With our water bills about to go up a hefty 28.2 percent over six years - on top of a 33 percent price hike just a few short years ago in 2010 - you'd think Duluth and Duluth-area residents would be splashing mad. You'd think they'd be packing public meetings.

But only about 20 people attended a chamber-sponsored public forum this week on the proposed rate hike - and at least three of them were city leaders there to explain while another handful were Duluth Area Chamber of Commerce officials there to host and several more were media types on hand to report.

Nonetheless, it easily was the best-attended public gathering so far on the water-rate increase proposed in May by the Duluth Public Utilities Commission. Two previous public meetings attracted a grand total of three citizens.
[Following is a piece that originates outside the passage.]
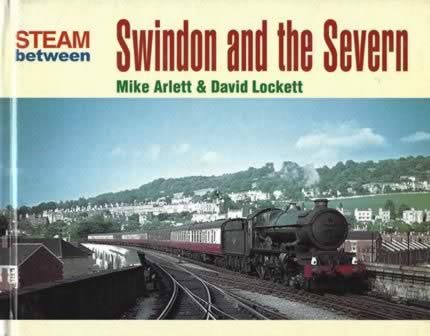 Steam Between Swindon & The Severn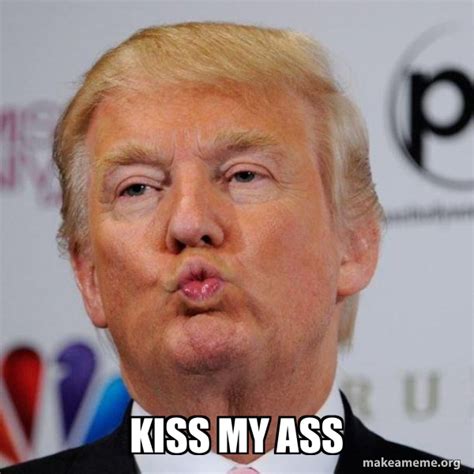 KISS MY ASS Donald Trump Kissing Meme Generator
"All we can do is provide the opportunity" for water users to learn more and to weigh in, chamber President and CEO David Ross said at the forum Tuesday morning at Valentini's restaurant on London Road. "This is a big deal."

It really is, even if Duluthians aren't taking notice. In addition to water system maintenance needs - some planned for and others that pop up unexpectedly - water pipes in Duluth are breaking or springing leaks nearly 300 times a year. And each time costs about $7,000 to fix, so that's nearly $2 million a year in spending on pipes. Back in the 1970s we had maybe three to five leaks or breaks a year, Eric Shaffer, Duluth's chief engineer of utilities, said at the forum.

The simple reality: our pipes are aging, rapidly, now. They're breaking down and in need of replacement, also now. Cast-iron water pipes dating back to the 1880s and 1890s were expected to last about 120 to 130 years. They're coming to the ends of their lives. Pipes installed in the 1910s had expected lifespans of about 100 years. That's coming to an end, too. And pipes put in in the 1960s and 1970s were expected to need replacement within about 50 to 60 years, which also is now.

Making matters worse, ductile iron pipes installed in Duluth in the 1990s proved to be incompatible with our clay soils. They're corroding and failing prematurely, Shaffer has said.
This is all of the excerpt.